Application involving solution-filled vial datasets

Since vials are often filled with solutions in chemistry laboratories50,51,52,53, the study needed to be expanded to datasets involving solution-filled vials. The positioning failures of solution-filled vials would be more dangerous than those of empty vials because the liquids in these vials may pour out and jeopardize neighboring equipment. Therefore, we performed object detection experiments by constructing more complex datasets involving both empty and solution-filled vials. Figure 4a describes the composition of the training dataset used for the detection experiments. While the empty vial dataset was the same as the one used in the experiments in Fig. 2, we additionally collected 359 images for the dataset of solution-filled vials. Here, the colors of the filled solutions were randomly designed to make the detectors more robust to color changes. The vials in each image were labeled as either success or failure cases. The data augmentation procedures were also applied to the images in the learning dataset, as described in Fig. 4b and Supplementary Fig. 7. As a result, a total of 17,174 vial cases were used for detector training, and 2,282 cases were used for testing. More details about the dataset construction process are provided in Supplementary Tables 2 and 3.

Fig. 4: Application of DenseSSD to solution-filled vial datasets.
figure 4

a Compositions of the training datasets used for the detection experiments. The number refers to the number of images in the training dataset. b The appearances of empty vials and solution-filled vials. Image processing techniques based on hue and saturations were applied to the images involving solution-filled vials for data augmentations. c Detection performance (AP) comparisons between YOLOv3, DETR, SSD, YOLOv6, and DenseSSD under different training set construction procedures: one that conducts training with only the empty vial dataset and another that conducts training with the dataset containing both empty and filled vials. d Exemplary detection results with other benchmark models and DenseSSD, achieved for two scenes involving multiple solution-filled vials. One scene (Case 1) contains four vials including one success cases and three failure cases with the lean-in and stand-on statuses, while the other one (Case 2) contains seven vials including four success cases and three failure cases with the stand-on and lean-in statuses. The failure vial cases are highlighted in yellow dotted lines for clarity.

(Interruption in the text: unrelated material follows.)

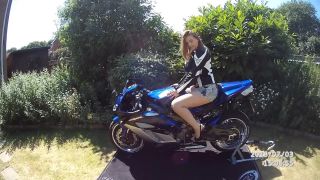 LottiiRose Lottiirose - who would like to see this biker chick full video tip for a full video over mins 19-07-2018-3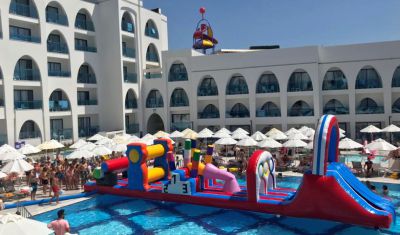 Imagine pentru Infinity By Yelken Aquapark & Resorts 5* valabile pentru Litoral 2025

We first measured the precisions achieved when the models were trained only with the empty vial dataset, as shown in the upper panel of Fig. 4c. DenseSSD, YOLOv6, SSD, DETR, and YOLOv3 achieved mAPs of only 81.2%, 80.2%, 75.5%, 72.5%, 30.0% respectively, indicating that the empty vial dataset is not sufficient on its own for detecting the positions of solution-filled vials. In particular, DenseSSD only achieved a 67.5% AP for the failure cases, which is far from the satisfactory level. Next, we measured the precisions achieved when the models were trained with the full datasets containing both empty and filled vials. The mAP value of DenseSSD reached 95.2%, greatly exceeding 84.7%, 76.3%, 84.5%, and 41.8% of YOLOv6, SSD, DETR, and YOLOv3. Very interestingly, the precision of failure cases was enhanced dramatically for DenseSSD, whereas it was limitedly improved for SSD, DETR, and YOLOv6. The AP of DenseSSD for the failure cases was improved to 90.8%, which was significantly higher than those of SSD, DETR, and YOLOv6. Those high precision for the failure cases is critical to minimizing failure-induced accidents. The mAP values of YOLOv3, DETR, SSD, and YOLOv6 are provided in Supplementary Table 5. The detection results obtained in the example scenes (Fig. 4d) reveal the specific incorrect detection cases. For example, some solution-filled vials with the stand-on, lean-in status, and even success cases were missed in YOLOv3 and SSD detections. Also, DETR, SSD, and YOLOv6 show the frequent problems of double bounding boxes with different labels for a single object, causing misleading detection results. Overall, DenseSSD was demonstrated to be the most effective vial positioning detection method for both empty and solution-filled vials, greatly outperforming the existing models.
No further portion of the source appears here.